** Exercise **
When the line with "Villa Istriana Jakob with pool" turns up below, begin repeating exactly, and carry on through the line with "used 2025 GMC Acadia car, priced at $31,000"; no pictures go into the copy.

::: Extracted entries

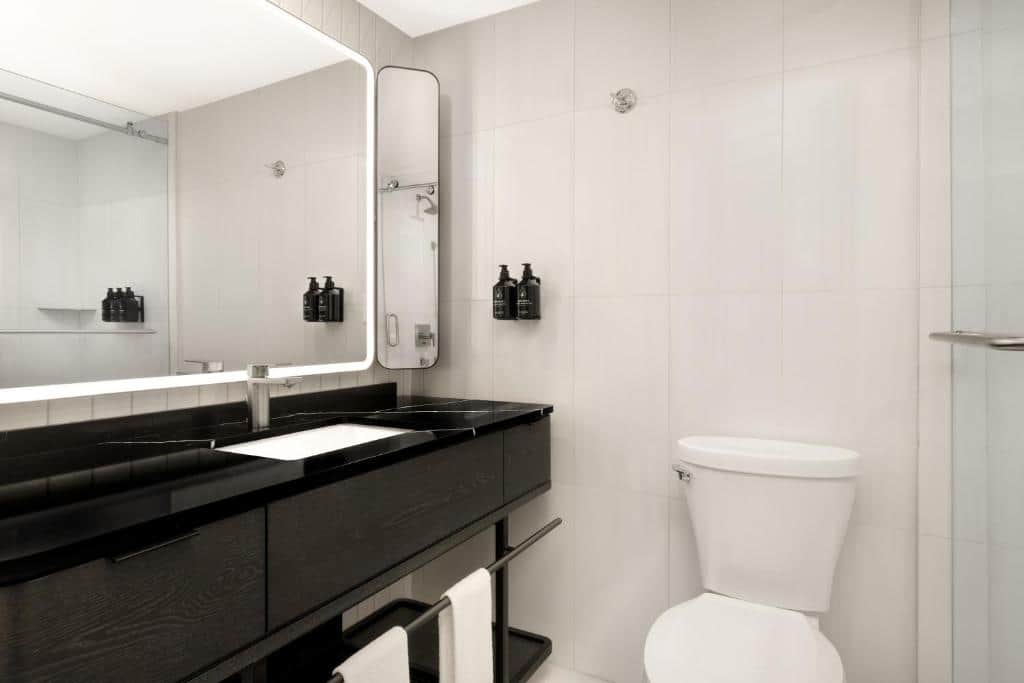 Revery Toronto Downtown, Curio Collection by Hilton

::::::
::: Extracted entries

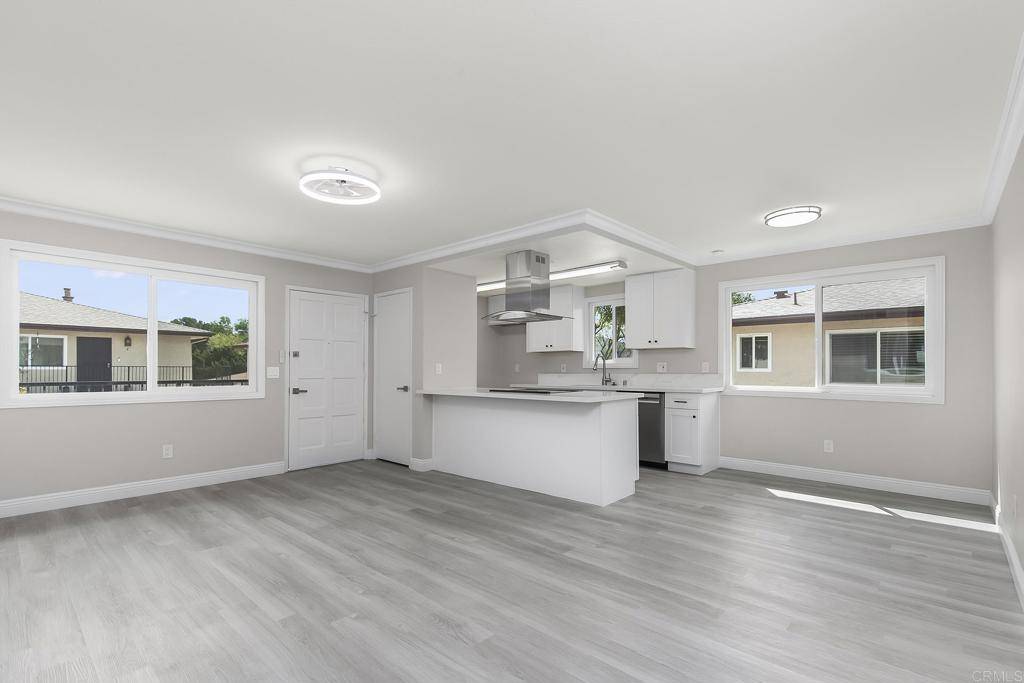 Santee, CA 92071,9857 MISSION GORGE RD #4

::::::
::: Extracted entries

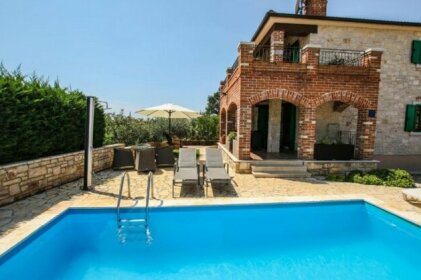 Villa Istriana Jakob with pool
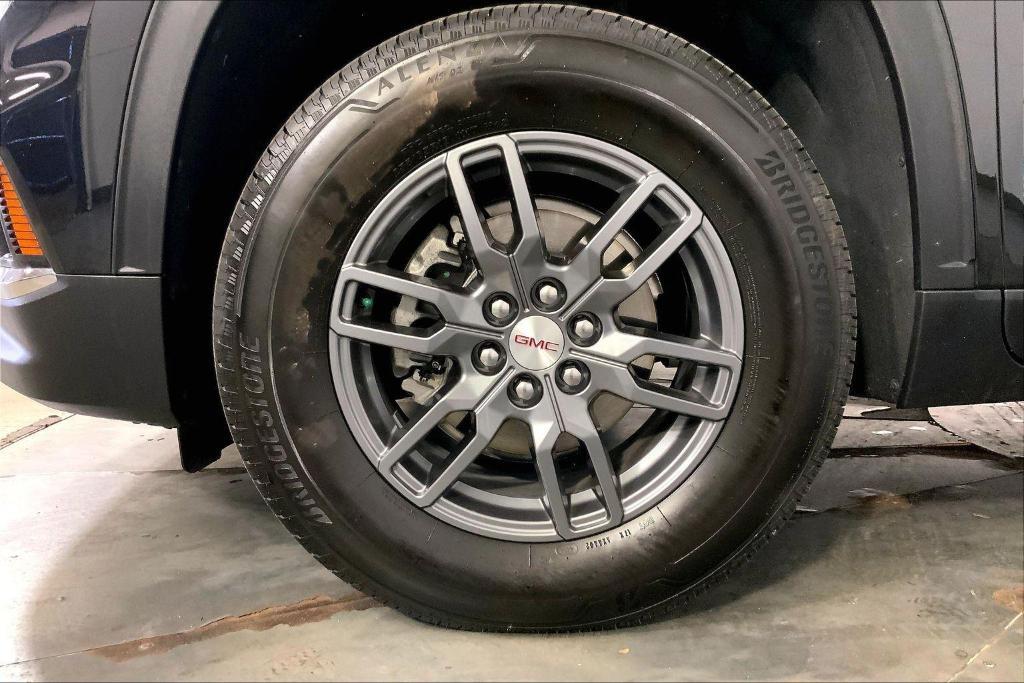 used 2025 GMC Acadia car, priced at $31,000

::::::

** Written solution **
 Villa Istriana Jakob with pool
 used 2025 GMC Acadia car, priced at $31,000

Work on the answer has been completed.